An exact copy of every record below is required, with the pictures left out.
++++++
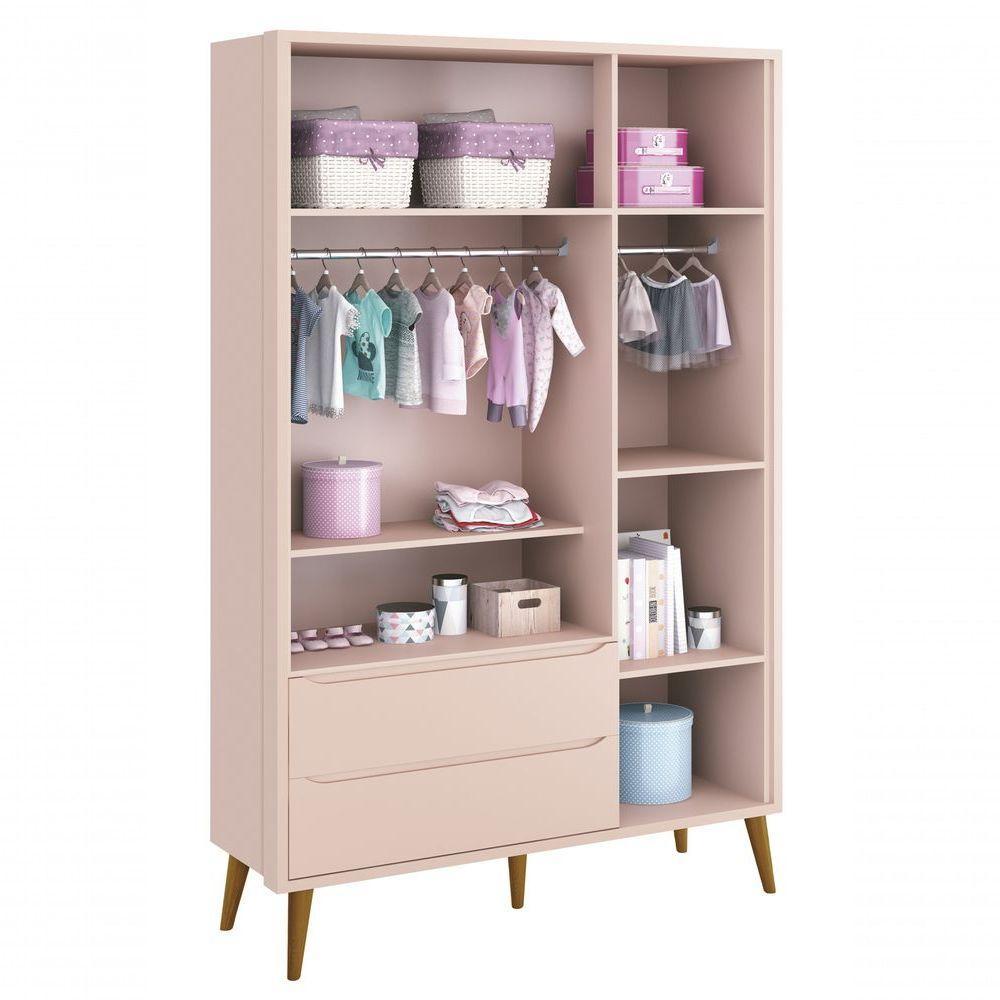 Guarda-roupa Retrô 3 Portas Théo New Rosa Fosco Com Madeira - Moveisaqui - 5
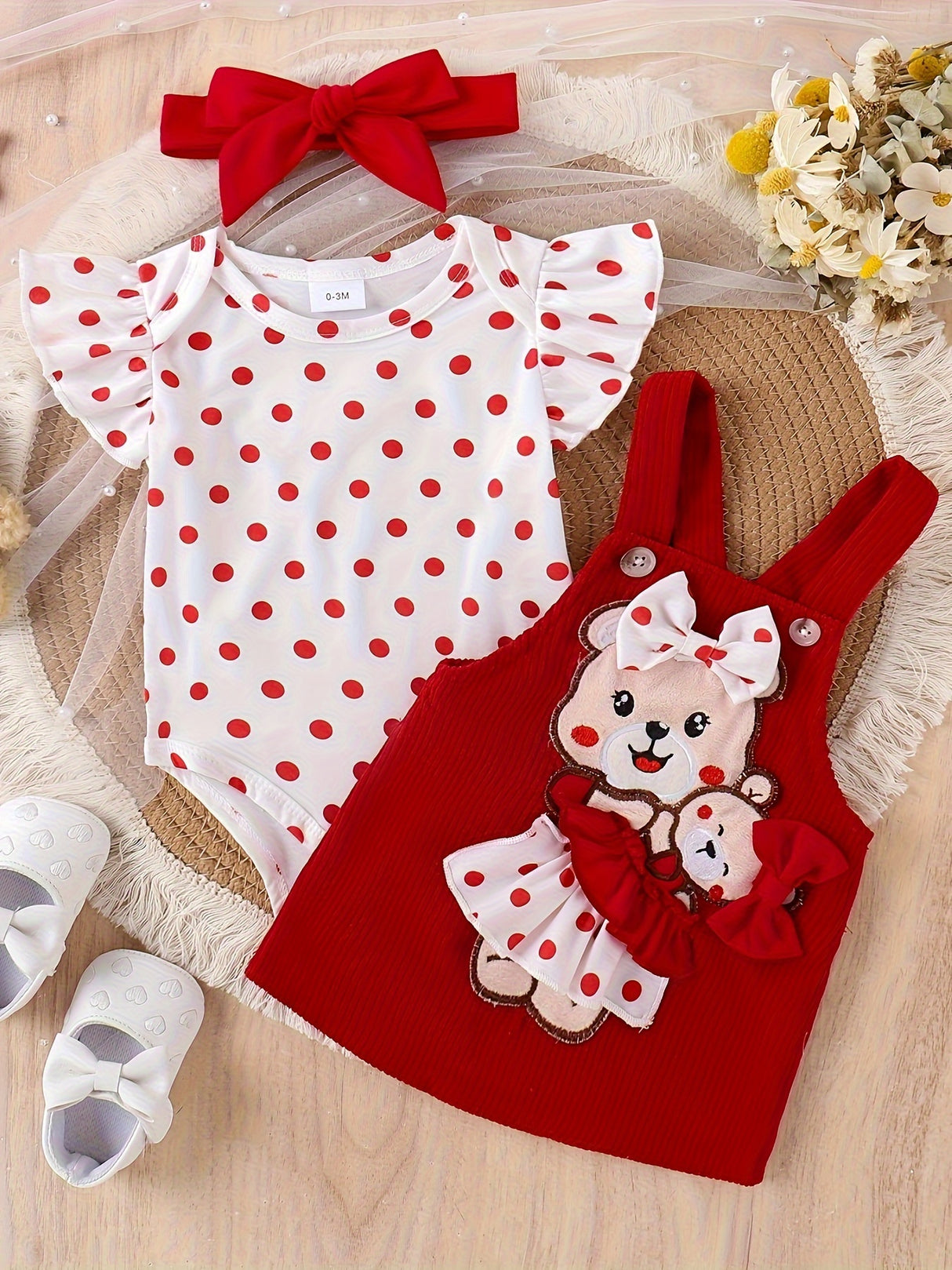 Baby Girl Outfit Summer Lace Short Sleeved + Teddy Bear Strap Skirt +Headknot 3pcs with 0-18Months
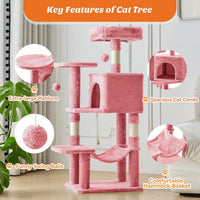 54 Inch Cat Tree Tower with Sisal Scratching Posts, Multi-Level – Essentials for Cats - Pink / 44IN - image 4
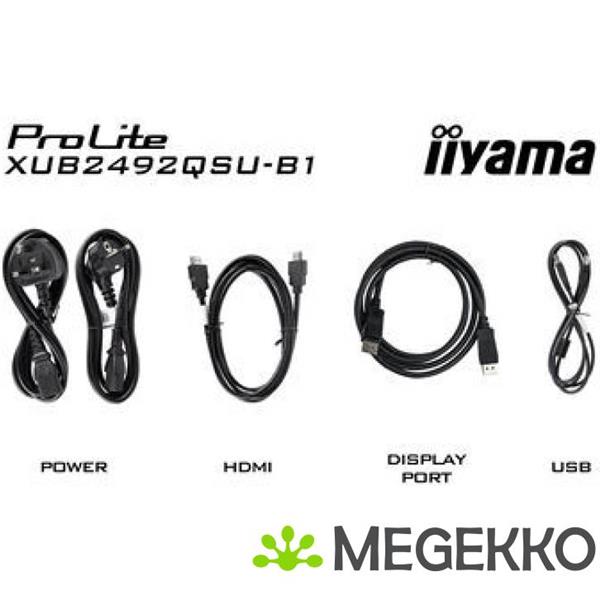 Grote foto iiyama prolite xub2492qsu b1 24 quad hd 100hz ips monitor computers en software overige computers en software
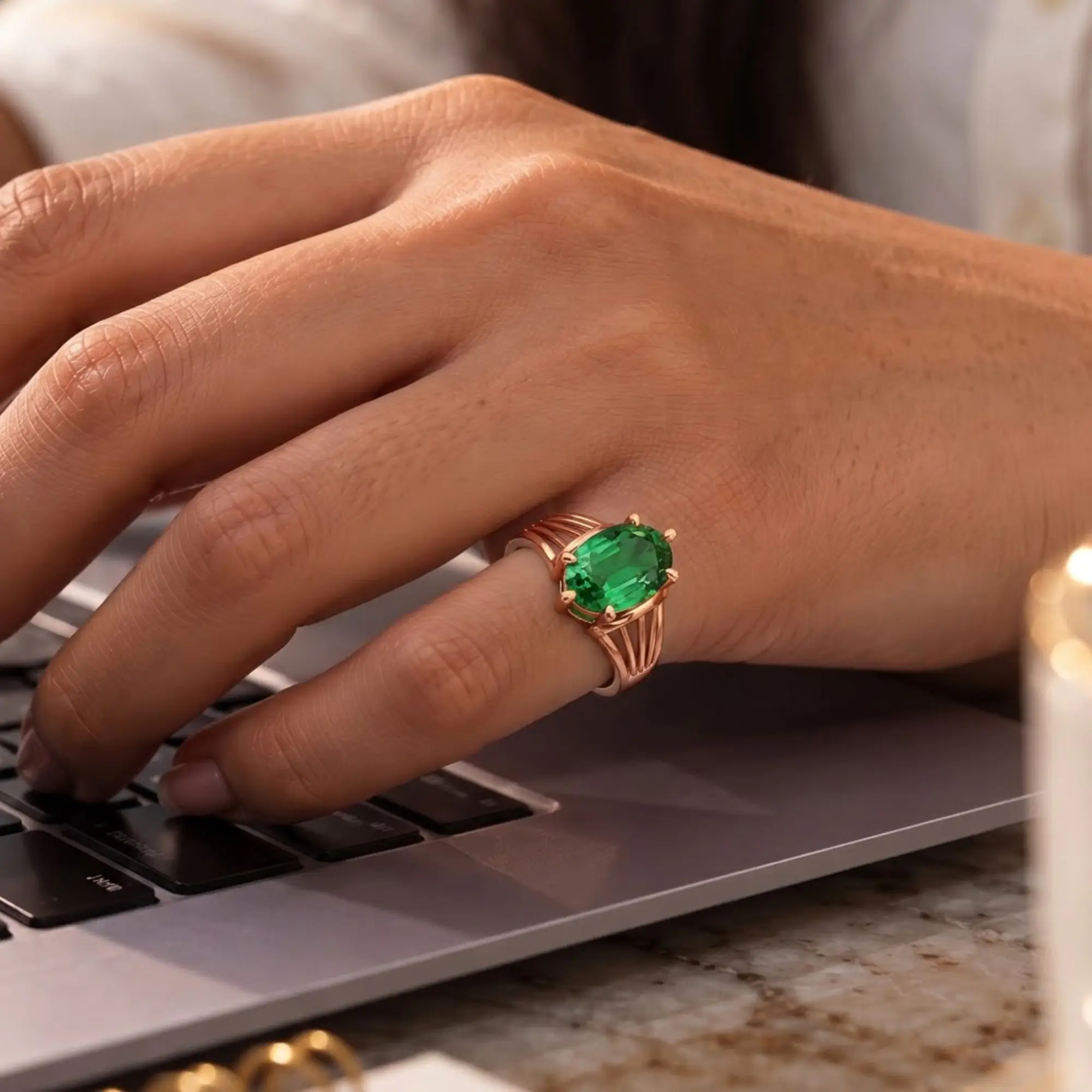 Emerald (Panna) Ring for Women in 18K Rose Gold – Oval 13x8 mm, Prong Setting, 6 g (Design K17B-7) thumbnail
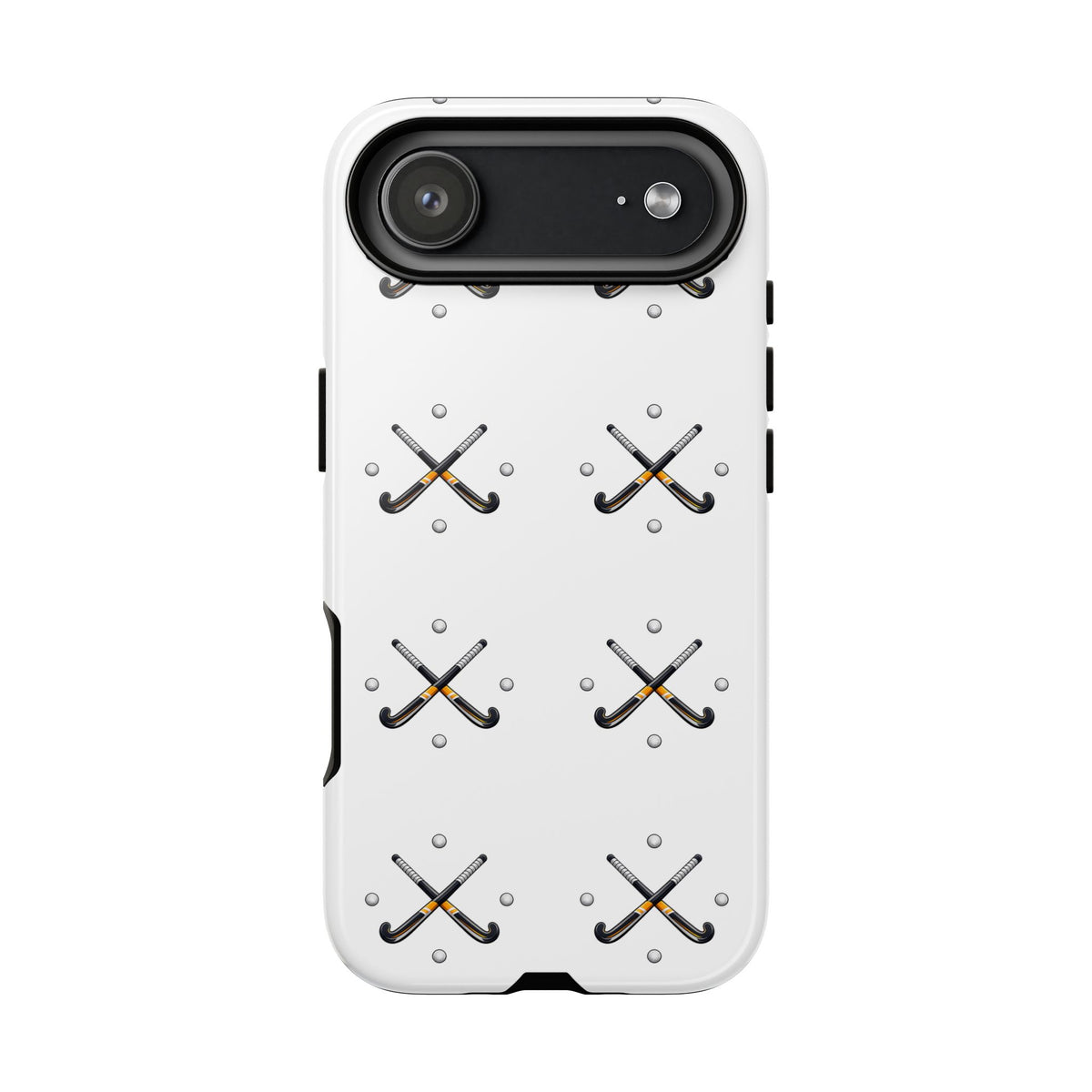 Phone Case, Hockey Repeated Crossed Sticks & Balls Pattern, Tough Case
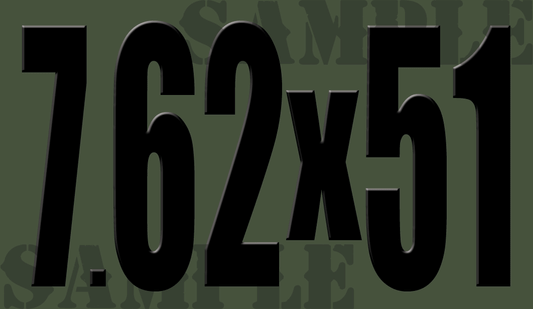 7.62x51 Sticker - Black - Standard  - .50Cal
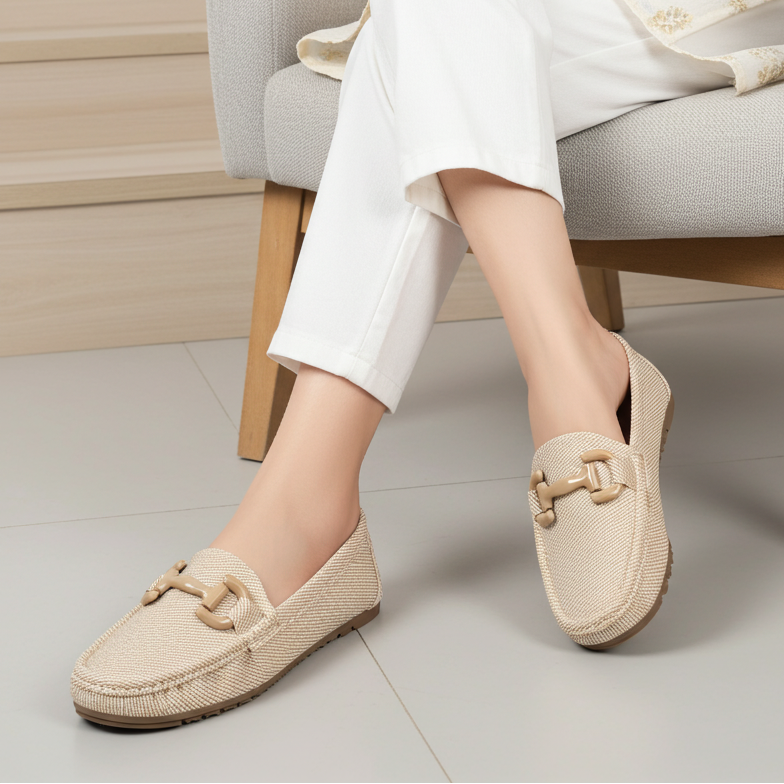 Beige Loafer Flats Women's Comfort Shoes 8004353 Khaki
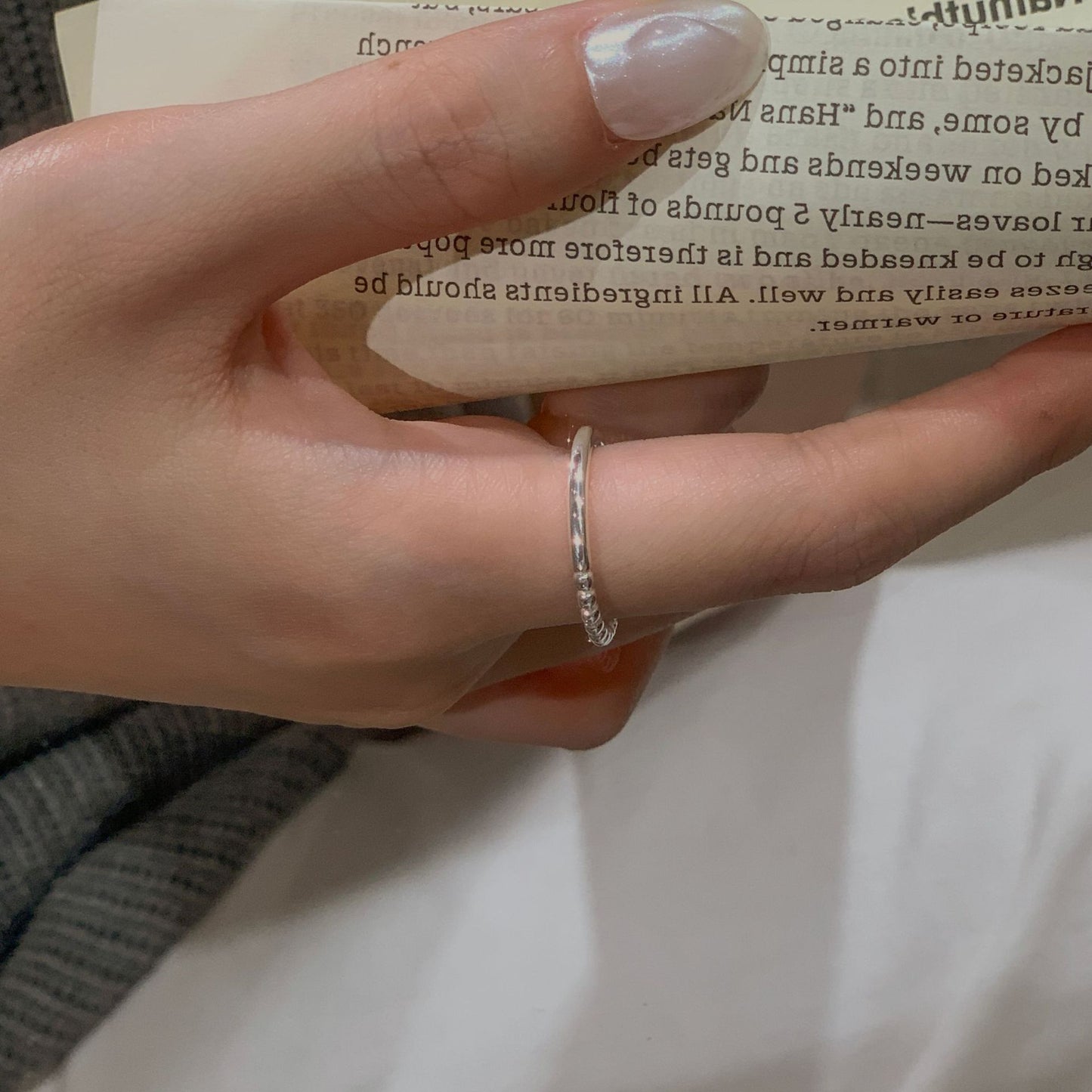 C2廠 韓國韓版圓珠不對稱S925純銀戒指 批發 折扣@洽客服 25.10.W5「SR1418」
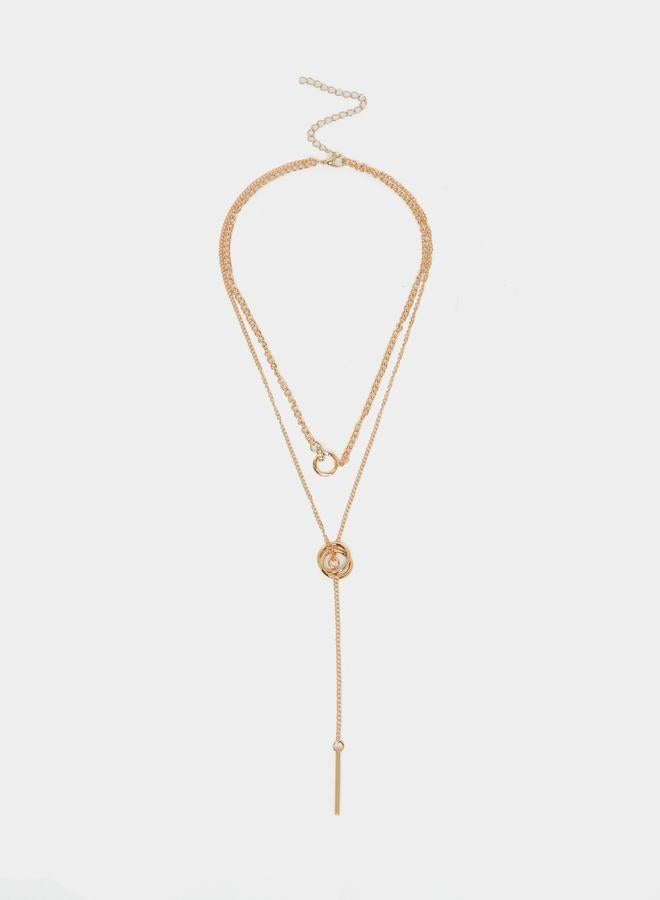 Styli Styli Plain Layered Lariat Necklace with Lobster Clasp  - Image 1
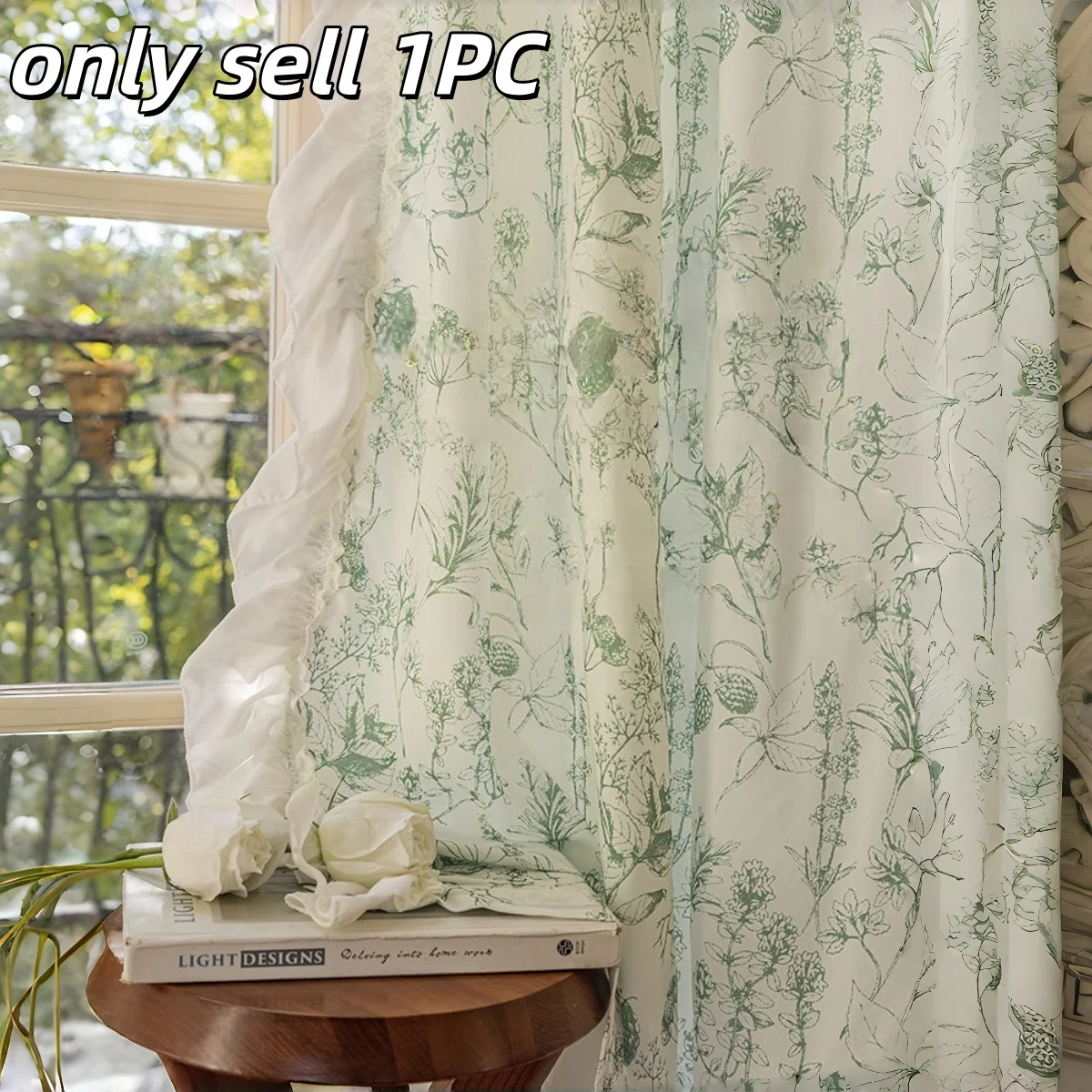 1PC French Lace Sheer Curtain, Light-Transmitting Privacy Window Drapery, Fresh Style, Living Room Bedroom Balcony Decor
++++++
ANSWER FOR THE TASK
 Guarda-roupa Retrô 3 Portas Théo New Rosa Fosco Com Madeira - Moveisaqui - 5
 Baby Girl Outfit Summer Lace Short Sleeved + Teddy Bear Strap Skirt +Headknot 3pcs with 0-18Months
 54 Inch Cat Tree Tower with Sisal Scratching Posts, Multi-Level – Essentials for Cats - Pink / 44IN - image 4
 Grote foto iiyama prolite xub2492qsu b1 24 quad hd 100hz ips monitor computers en software overige computers en software
 Emerald (Panna) Ring for Women in 18K Rose Gold – Oval 13x8 mm, Prong Setting, 6 g (Design K17B-7) thumbnail
 Phone Case, Hockey Repeated Crossed Sticks & Balls Pattern, Tough Case
 7.62x51 Sticker - Black - Standard  - .50Cal
 Beige Loafer Flats Women's Comfort Shoes 8004353 Khaki
 C2廠 韓國韓版圓珠不對稱S925純銀戒指 批發 折扣@洽客服 25.10.W5「SR1418」
 Styli Styli Plain Layered Lariat Necklace with Lobster Clasp  - Image 1
 1PC French Lace Sheer Curtain, Light-Transmitting Privacy Window Drapery, Fresh Style, Living Room Bedroom Balcony Decor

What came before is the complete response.